[Crawled caption data]
*** Begin section ***

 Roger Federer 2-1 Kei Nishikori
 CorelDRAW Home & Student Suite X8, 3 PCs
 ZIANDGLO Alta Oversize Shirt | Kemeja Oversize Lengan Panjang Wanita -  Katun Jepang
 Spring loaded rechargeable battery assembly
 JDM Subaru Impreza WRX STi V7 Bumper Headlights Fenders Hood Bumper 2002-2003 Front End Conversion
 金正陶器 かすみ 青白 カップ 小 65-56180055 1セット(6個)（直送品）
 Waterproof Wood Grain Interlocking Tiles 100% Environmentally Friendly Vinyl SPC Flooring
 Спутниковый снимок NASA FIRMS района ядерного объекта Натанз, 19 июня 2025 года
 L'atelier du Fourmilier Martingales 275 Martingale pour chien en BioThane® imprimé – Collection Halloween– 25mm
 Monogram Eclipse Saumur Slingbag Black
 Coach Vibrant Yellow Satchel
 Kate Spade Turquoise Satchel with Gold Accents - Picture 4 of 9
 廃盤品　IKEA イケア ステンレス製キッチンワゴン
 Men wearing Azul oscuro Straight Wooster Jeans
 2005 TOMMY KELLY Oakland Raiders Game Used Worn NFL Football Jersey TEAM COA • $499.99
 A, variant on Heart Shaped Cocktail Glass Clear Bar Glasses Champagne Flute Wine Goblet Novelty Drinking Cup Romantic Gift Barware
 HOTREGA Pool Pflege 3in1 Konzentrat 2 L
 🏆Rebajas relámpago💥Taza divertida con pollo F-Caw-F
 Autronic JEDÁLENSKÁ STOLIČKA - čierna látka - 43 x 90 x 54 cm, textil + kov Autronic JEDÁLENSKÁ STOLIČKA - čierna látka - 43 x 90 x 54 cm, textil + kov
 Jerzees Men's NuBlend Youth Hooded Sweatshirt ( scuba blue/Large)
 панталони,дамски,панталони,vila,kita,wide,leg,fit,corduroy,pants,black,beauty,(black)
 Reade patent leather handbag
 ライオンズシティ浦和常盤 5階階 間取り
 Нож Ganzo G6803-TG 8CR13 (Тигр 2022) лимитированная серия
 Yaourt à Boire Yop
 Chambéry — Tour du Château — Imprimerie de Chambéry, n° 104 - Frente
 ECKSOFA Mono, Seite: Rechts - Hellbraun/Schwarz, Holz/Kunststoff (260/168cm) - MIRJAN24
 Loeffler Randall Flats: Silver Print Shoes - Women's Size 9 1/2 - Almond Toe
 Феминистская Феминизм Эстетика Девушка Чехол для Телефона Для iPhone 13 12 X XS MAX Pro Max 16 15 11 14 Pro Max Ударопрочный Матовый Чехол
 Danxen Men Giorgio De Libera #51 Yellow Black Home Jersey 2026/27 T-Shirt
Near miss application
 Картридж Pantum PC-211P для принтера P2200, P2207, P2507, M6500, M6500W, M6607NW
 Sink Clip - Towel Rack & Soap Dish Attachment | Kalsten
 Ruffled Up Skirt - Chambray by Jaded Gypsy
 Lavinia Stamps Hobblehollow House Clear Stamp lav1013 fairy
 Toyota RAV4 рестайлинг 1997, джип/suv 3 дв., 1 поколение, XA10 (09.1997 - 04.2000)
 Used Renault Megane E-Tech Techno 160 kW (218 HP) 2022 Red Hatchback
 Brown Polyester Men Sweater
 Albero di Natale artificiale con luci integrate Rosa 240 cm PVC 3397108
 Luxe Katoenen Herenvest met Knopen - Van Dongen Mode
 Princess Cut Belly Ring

*** End section ***

Every entry must be set down again exactly as it reads.

 Roger Federer 2-1 Kei Nishikori
 CorelDRAW Home & Student Suite X8, 3 PCs
 ZIANDGLO Alta Oversize Shirt | Kemeja Oversize Lengan Panjang Wanita -  Katun Jepang
 Spring loaded rechargeable battery assembly
 JDM Subaru Impreza WRX STi V7 Bumper Headlights Fenders Hood Bumper 2002-2003 Front End Conversion
 金正陶器 かすみ 青白 カップ 小 65-56180055 1セット(6個)（直送品）
 Waterproof Wood Grain Interlocking Tiles 100% Environmentally Friendly Vinyl SPC Flooring
 Спутниковый снимок NASA FIRMS района ядерного объекта Натанз, 19 июня 2025 года
 L'atelier du Fourmilier Martingales 275 Martingale pour chien en BioThane® imprimé – Collection Halloween– 25mm
 Monogram Eclipse Saumur Slingbag Black
 Coach Vibrant Yellow Satchel
 Kate Spade Turquoise Satchel with Gold Accents - Picture 4 of 9
 廃盤品　IKEA イケア ステンレス製キッチンワゴン
 Men wearing Azul oscuro Straight Wooster Jeans
 2005 TOMMY KELLY Oakland Raiders Game Used Worn NFL Football Jersey TEAM COA • $499.99
 A, variant on Heart Shaped Cocktail Glass Clear Bar Glasses Champagne Flute Wine Goblet Novelty Drinking Cup Romantic Gift Barware
 HOTREGA Pool Pflege 3in1 Konzentrat 2 L
 🏆Rebajas relámpago💥Taza divertida con pollo F-Caw-F
 Autronic JEDÁLENSKÁ STOLIČKA - čierna látka - 43 x 90 x 54 cm, textil + kov Autronic JEDÁLENSKÁ STOLIČKA - čierna látka - 43 x 90 x 54 cm, textil + kov
 Jerzees Men's NuBlend Youth Hooded Sweatshirt ( scuba blue/Large)
 панталони,дамски,панталони,vila,kita,wide,leg,fit,corduroy,pants,black,beauty,(black)
 Reade patent leather handbag
 ライオンズシティ浦和常盤 5階階 間取り
 Нож Ganzo G6803-TG 8CR13 (Тигр 2022) лимитированная серия
 Yaourt à Boire Yop
 Chambéry — Tour du Château — Imprimerie de Chambéry, n° 104 - Frente
 ECKSOFA Mono, Seite: Rechts - Hellbraun/Schwarz, Holz/Kunststoff (260/168cm) - MIRJAN24
 Loeffler Randall Flats: Silver Print Shoes - Women's Size 9 1/2 - Almond Toe
 Феминистская Феминизм Эстетика Девушка Чехол для Телефона Для iPhone 13 12 X XS MAX Pro Max 16 15 11 14 Pro Max Ударопрочный Матовый Чехол
 Danxen Men Giorgio De Libera #51 Yellow Black Home Jersey 2026/27 T-Shirt
Near miss application
 Картридж Pantum PC-211P для принтера P2200, P2207, P2507, M6500, M6500W, M6607NW
 Sink Clip - Towel Rack & Soap Dish Attachment | Kalsten
 Ruffled Up Skirt - Chambray by Jaded Gypsy
 Lavinia Stamps Hobblehollow House Clear Stamp lav1013 fairy
 Toyota RAV4 рестайлинг 1997, джип/suv 3 дв., 1 поколение, XA10 (09.1997 - 04.2000)
 Used Renault Megane E-Tech Techno 160 kW (218 HP) 2022 Red Hatchback
 Brown Polyester Men Sweater
 Albero di Natale artificiale con luci integrate Rosa 240 cm PVC 3397108
 Luxe Katoenen Herenvest met Knopen - Van Dongen Mode
 Princess Cut Belly Ring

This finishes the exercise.